What Would a Unicorn Do?

On Got Medieval, there was a 'contest' back in July to see what seven words readers would come up with to describe the Middle Ages. The origin of the idea, which is described here, was a disheartening day in class when the new crop of students was asked to free-associate their way to a picture of the era. They came up with 'knights, knights, knights,' 'other knights,' and 'things about knights,' basically, and the writer of the blog uses the story on social occasions to set others at ease when they start to apologize, upon hearing his profession, for their lack of knowledge about Ye Olde Medieval Tymes.

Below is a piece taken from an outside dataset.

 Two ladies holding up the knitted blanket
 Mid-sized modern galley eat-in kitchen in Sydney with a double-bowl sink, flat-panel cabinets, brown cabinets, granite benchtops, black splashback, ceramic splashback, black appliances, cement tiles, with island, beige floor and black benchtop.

I don't think it's particularly odd that nobody here knows anything about the Middle Ages, because I would imagine most people at cocktail parties would be equally hard pressed to come up with much about the Renaissance, or the Enlightenment. (...Uh, Luther, yeah, Martin Luther!, em, art! there was lots and lots of art! The Crusades! no, em, no, those big skirts with the hoops in them? no, wait.) I may sound more generally pessimistic than is warranted, perhaps, but I will give him this: I do think the Middle Ages probably are a more complete void in most people's understanding of history than are other periods. Before reading his account, though, I hadn't really thought about how thoroughly jousting, heraldry, and ladies-in-waiting with long pointy hats encapsulated the era for most.

The lazy explanation is that it's down to The Media, since any film set in that time tends to have Chain Mail in the leading role, with horses, maidens, and scrofulous serfs filling in the gaps. But if after watching Le Weekend I don't feel I have a complete understanding of 20th-century French history, is that really Godard's fault?

Still, the reality is that most Americans think that, like, nothing happened in Western civ for ten centuries or so. Other than the Black Plague and jousting, that is. Plato or somebody died, and then everyone went to sleep - in really dirty clothes - until da Vinci, or maybe Martin Luther woke them up. (At which time, of course, they then wore hoop skirts and codpieces and really ugly hats with buckles on them and everyone had syphilis.)

But, although the whole thing makes me sad, as does the idea that his (very hilarious) blog gets lots of hits from people looking for sexy chainmail pictures, I like to think of what my list would be, and it was fun to read other lists, because it shows how unique our own perspectives or prejudices are. I would probably put:
-neo-Platonism
-monasticism/orders
-Norman Conquest
-Sacking of Constantinople
-East/West
-books
-The Church

There's repetition, and there's no form of 'music,' or 'law' or even 'Law,' but I think if you take what themes I do have, you end up with those anyway, and much more besides. I suppose you could just say 'The Church' and come up with my whole list incidentally, not to mention unicorns and guys in chainmail, but with a book-banning vice-presidential candidate, I can only muster so much self-loathing.

2 comments:

Got Medieval said...

Easy. A unicorn would probably stab an elephant with its horn.

Vifargent said...

Well, I will bow to your considerably greater expertise on matters unicornian and marginalian, but my first guess would have been 'poop rainbows.'

I stand corrected- evil, conniving virgins notwithstanding.